In-Memory Database Engine for JavaScript

Concept

DBJS is database of events, each atomic update is represented as an event which is added on top of log.

Contrary to popular CRUD model, there are no deletions, each definition, update and deletion is just another event that occurs and affects state of an things.

Please see great presentation by Greg Young, which while unrelated to this project, describes well one of the main ideas behind DBJS.

Important: DBJS already powers sophisticated projects, but it's still under heavy development.
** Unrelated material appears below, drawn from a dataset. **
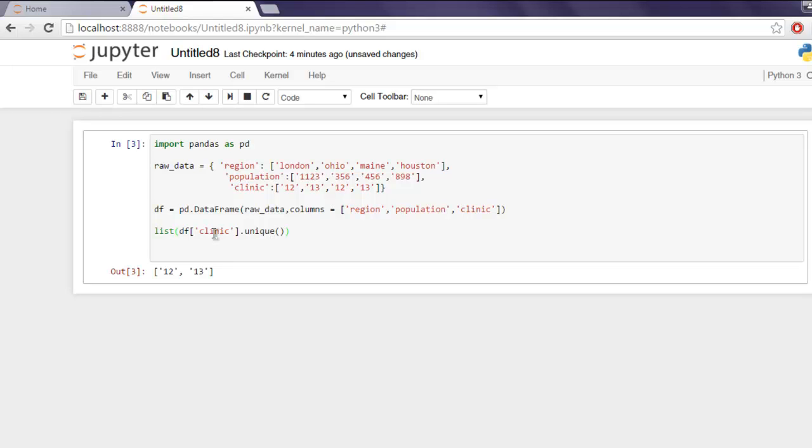As you know set in Python only shows unique values. Right so now we know how to find unique values in your DataFrame using pandas.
It's API is not yet in stable state and is subject to changes

Installation

NPM

In your project path:

$ npm install medikoo/dbjs
Browser

You can easily bundle NPM packages for browser with modules-webmake

Introduction

Data modelling

In common application we define models in Database engine that persists our data, and then we try to resemble that in manual or more less automatic way with models written in language that we use, we connect both worlds and work like that.

With DBJS we define models directly and just in a language, using all things that JavaScript has to offer, its types, functions, prototypal inheritance etc. and we work with it natural way. DBJS on the other side provides all means to observe the changes in reasonable manner. Persistent layer can be easily connected to end point which expresses data with low-level graph/key-value representation, and that remains transparent to our work.

Let's start step by step, by writing example model setup:

var Db = require('dbjs');

Db is our database, it exposes basic types, that correspond directly to JavaScript types

Basic types
  • Db.Boolean
  • Db.Number
  • Db.String
  • Db.DateTime
  • Db.RegExp
  • Db.Function
  • Db.Object

Types are actually constructors that work in similar way as native JavaScript constructors:

Db.Number('343'); // 343
Db.String(343); // '343'
Db.Boolean('foo'); // true

but they're more strict:

Db.Number('foo'); // TypeError: foo is invalid Number

Any type can be extended into other:

Db.String.create('ShortString', { max: 5 });

Type name must be upper-case and follow camelCase convention, also name must be unique. After type is created it can be accessed directly on Database object:

Db.ShortString('foo'); // 'foo'

When deriving from String type, we can define additional characteristics via options:

  • min: Minimum length
  • max: Maximum length
  • pattern: RegExp pattern

We set ShortString type to handle strings that are no longer than 3 characters

Db.ShortString('foobar'); // TypeError: foobar is too long

Similar options can be provided when extending Number type (min, max and step) or DateTime type (min and max).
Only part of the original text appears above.